One of the best predictors of positive outcomes in bladder cancer (BC) is pT0 following radical cystectomy (RC). Discordance between clinical and pathologic staging affects decision-making in patients with clinical absence of disease (cT0).

OBJECTIVES:

We sought to determine whether a restaging transurethral resection of bladder tumor (re-TURBT) improves clinical staging accuracy relative to pathologic stage RC in patients treated with neoadjuvant chemotherapy (NAC) versus those who did not receive NAC.

METHODS:

We queried our prospectively maintained IRB approved institutional database to identify 129 patients who underwent RC from 2013 to 2019 with a re-TURBT prior to RC. 53 patients were treated with NAC between their initial and re-TURBT and 76 patients were not treated with NAC.

RESULTS:

The overall upstaging rate from re-TURBT to RC was 34.9%. There was no significant difference in the upstaging rate between the NAC and no-NAC groups - 31.0% vs. 37.0%, respectively. In patients who were cT0 on re-TURBT, the NAC group did not show a significantly greater rate of pathologic clinical CR (pT0) than the no NAC group - 38.5% vs. 37.5%, respectively.
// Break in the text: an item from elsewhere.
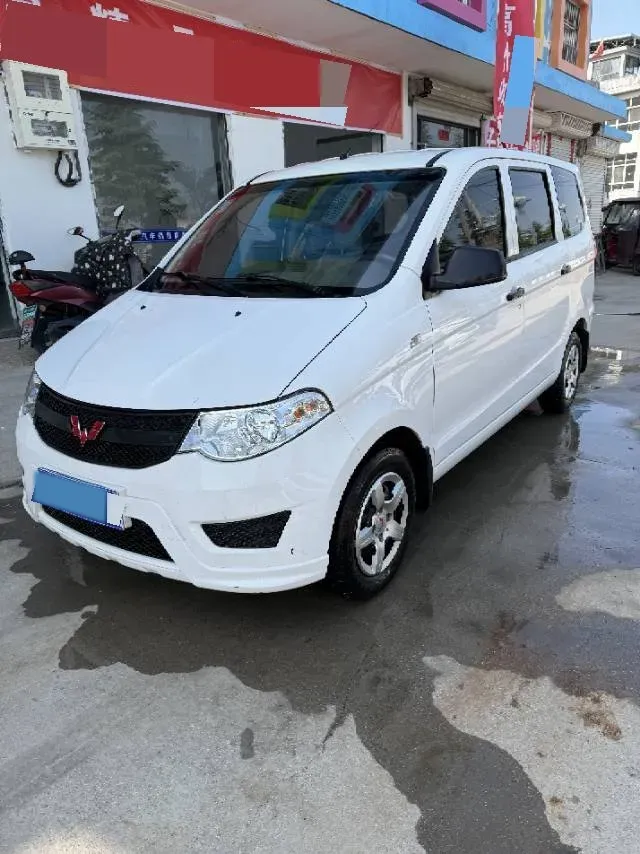 2021 WuLing RongGuang New Truck 1.5L 99HP L4 5MT,autocango,china used car exporter,china ev exporter,chinese used car exporter,chinese used ev exporter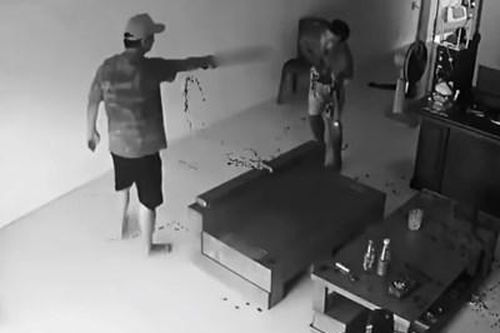 Người đàn ông bị chém đứt lìa cẳng tay tại nhà riêng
Re-TURBT with staging < rT2 as a predictor for absence of MIBC on pathologic staging (<ypT2) did not show a significant difference between the NAC and no NAC group, with a negative predictive value (NPV) of 69.0% and 66.7%, respectively.

CONCLUSIONS:

Re-TURBT after NAC does not show statistically significant improvement in staging accuracy relative to pathologic stage at RC compared to re-TURBT in patients not treated with NAC.

INTRODUCTION

Bladder cancer (BC), the most common neoplasm of the urinary system, is the sixth most common cancer diagnosis and eighth most common cause of cancer mortality in the United States [1, 2]. For muscle-invasive bladder cancer (MIBC), NAC plus Radical Cystectomy (RC) is the gold standard of treatment [3]. NAC is associated with improved survival rates and clinical outcomes in MIBC and cisplatin-based NAC is recommended for all eligible patients prior to RC [4, 5].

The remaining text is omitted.